Regression Analysis
Regression analysis models relationships between variables to predict outcomes, making it essential for data science and analytics. At MathMultiverse, we break down linear regression, evaluation metrics, and applications with clear examples and visualizations.
Linear Regression
Linear regression fits a line to data:
\[ y = \beta_0 + \beta_1 x + \epsilon \]
Minimize sum of squared errors (SSE):
\[ \text{SSE} = \sum (y_i - \hat{y}_i)^2 \]
Coefficients:
\[ \beta_1 = \frac{\sum (x_i - \bar{x})(y_i - \bar{y})}{\sum (x_i - \bar{x})^2}, \quad \beta_0 = \bar{y} - \beta_1 \bar{x} \]
Correlation coefficient:
\[ r = \frac{\sum (x_i - \bar{x})(y_i - \bar{y})}{\sqrt{\sum (x_i - \bar{x})^2 \sum (y_i - \bar{y})^2}} \]
Evaluation Metrics
R²
Proportion of variance explained:
\[ R^2 = 1 - \frac{\sum (y_i - \hat{y}_i)^2}{\sum (y_i - \bar{y})^2} \]
RMSE
Average prediction error:
\[ \text{RMSE} = \sqrt{\frac{\sum (y_i - \hat{y}_i)^2}{n}} \]
MAE
Average absolute error:
\[ \text{MAE} = \frac{\sum |y_i - \hat{y}_i|}{n} \]
Examples
Study Hours vs. Scores
Data: {(1, 50), (2, 60), (3, 75), (4, 85)}
\[ y = 37.5 + 12x \]
\[ \hat{y}(5) = 37.5 + 12 \cdot 5 = 97.5 \]
Advertising vs. Sales
Data: {(10, 100), (20, 150), (30, 200)}
\[ y = 50 + 5x \]
\[ \hat{y}(40) = 50 + 5 \cdot 40 = 250 \]
Temperature vs. Ice Cream Sales
Data: {(20, 30), (25, 40), (30, 55), (35, 65)}
\[ y = -18.5 + 2.4x \]
\[ \hat{y}(40) = -18.5 + 2.4 \cdot 40 = 77.5 \]
Visualizations
Study Hours vs. Scores
Applications
- Economics: Sales forecast, \( y = 100 + 20x \), predicts 500 for 20 units.
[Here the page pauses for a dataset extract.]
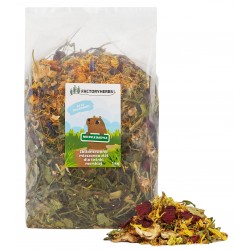 Factoryherbs Nie byle badyle dla Świnki Morskiej 1kg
- Science: Experimental data, \( y = 9x \), predicts 36 for 4 units.
- Marketing: Customer behavior, \( y = 13.33 + 17.5x \), predicts 100.83 for 5 clicks.
- Healthcare: Drug dosage, \( y = 5 + 1.5x \), predicts 65 for 40 mg.
- Real Estate: Price prediction, \( y = 100 + 2x \), predicts 260 for 80 sq ft.